Segment Start: Raw data

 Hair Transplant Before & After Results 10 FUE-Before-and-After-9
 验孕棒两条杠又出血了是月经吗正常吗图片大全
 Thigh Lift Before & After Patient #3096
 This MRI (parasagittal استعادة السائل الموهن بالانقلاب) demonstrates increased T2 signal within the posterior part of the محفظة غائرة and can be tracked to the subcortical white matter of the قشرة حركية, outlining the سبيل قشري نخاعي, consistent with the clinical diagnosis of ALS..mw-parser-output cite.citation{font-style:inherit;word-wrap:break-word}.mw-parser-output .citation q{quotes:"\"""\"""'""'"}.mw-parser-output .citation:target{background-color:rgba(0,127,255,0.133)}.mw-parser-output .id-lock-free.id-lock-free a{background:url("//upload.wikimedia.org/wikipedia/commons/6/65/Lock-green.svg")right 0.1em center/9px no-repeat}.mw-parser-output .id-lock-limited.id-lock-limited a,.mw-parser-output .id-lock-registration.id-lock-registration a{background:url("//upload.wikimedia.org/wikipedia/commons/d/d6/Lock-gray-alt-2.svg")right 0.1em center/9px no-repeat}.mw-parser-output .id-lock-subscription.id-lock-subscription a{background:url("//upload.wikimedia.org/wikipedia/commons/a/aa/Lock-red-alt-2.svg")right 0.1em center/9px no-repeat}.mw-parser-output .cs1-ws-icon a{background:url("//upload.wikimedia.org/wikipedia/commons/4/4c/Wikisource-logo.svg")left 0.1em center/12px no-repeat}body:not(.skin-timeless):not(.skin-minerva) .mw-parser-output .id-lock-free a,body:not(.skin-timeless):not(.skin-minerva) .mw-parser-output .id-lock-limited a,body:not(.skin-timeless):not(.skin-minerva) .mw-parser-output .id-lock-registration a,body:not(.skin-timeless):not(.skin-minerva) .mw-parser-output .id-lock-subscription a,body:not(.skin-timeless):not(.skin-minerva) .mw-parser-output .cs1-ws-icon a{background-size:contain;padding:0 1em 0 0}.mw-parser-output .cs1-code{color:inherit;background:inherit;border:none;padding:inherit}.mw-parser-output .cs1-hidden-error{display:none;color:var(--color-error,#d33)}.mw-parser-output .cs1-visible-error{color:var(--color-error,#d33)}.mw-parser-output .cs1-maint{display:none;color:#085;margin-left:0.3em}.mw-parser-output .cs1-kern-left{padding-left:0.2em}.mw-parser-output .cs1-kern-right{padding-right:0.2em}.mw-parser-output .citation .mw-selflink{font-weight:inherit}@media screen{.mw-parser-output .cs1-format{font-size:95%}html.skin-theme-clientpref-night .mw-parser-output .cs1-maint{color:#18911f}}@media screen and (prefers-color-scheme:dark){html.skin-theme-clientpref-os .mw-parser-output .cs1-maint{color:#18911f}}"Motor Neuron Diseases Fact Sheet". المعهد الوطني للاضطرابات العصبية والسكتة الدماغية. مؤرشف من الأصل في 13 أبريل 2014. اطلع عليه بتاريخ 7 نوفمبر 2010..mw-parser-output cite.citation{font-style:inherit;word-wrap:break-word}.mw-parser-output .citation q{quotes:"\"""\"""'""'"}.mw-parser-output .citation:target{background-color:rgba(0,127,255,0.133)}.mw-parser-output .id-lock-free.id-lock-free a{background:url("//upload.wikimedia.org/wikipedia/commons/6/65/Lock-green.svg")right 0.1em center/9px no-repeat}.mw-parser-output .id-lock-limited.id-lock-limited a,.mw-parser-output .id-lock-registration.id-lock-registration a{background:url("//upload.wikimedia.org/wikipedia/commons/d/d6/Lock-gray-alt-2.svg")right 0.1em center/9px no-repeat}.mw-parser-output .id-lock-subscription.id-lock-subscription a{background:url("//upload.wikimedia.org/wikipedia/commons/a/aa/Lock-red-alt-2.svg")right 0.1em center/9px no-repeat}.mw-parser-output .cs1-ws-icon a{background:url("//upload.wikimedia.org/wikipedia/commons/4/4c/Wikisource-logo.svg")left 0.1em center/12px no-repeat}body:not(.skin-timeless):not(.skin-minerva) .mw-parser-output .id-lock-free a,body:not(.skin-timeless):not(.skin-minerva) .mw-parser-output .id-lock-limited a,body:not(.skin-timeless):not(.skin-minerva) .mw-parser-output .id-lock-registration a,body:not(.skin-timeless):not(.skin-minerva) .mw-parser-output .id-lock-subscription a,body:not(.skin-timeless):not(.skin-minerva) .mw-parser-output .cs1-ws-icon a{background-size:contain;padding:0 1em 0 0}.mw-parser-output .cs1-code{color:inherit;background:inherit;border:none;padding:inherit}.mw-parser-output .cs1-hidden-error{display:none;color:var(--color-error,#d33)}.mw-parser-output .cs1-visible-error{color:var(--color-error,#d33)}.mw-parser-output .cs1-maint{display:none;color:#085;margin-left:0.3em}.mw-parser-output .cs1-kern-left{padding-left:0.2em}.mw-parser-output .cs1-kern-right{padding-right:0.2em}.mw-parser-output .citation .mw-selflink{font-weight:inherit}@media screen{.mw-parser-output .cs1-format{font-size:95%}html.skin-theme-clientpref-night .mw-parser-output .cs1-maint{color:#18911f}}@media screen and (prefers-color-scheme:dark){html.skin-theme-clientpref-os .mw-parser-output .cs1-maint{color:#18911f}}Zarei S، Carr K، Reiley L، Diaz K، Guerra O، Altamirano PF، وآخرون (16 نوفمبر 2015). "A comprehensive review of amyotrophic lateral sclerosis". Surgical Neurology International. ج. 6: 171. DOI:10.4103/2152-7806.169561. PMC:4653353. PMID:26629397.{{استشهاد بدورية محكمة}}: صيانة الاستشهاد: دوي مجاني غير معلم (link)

Segment End: Raw data

- What this task involves -
Repeat exactly, and only, the run of lines from the start of the material above through the line that holds "Thigh Lift Before & After Patient #3096".

- Task answer -
 Hair Transplant Before & After Results 10 FUE-Before-and-After-9
 验孕棒两条杠又出血了是月经吗正常吗图片大全
 Thigh Lift Before & After Patient #3096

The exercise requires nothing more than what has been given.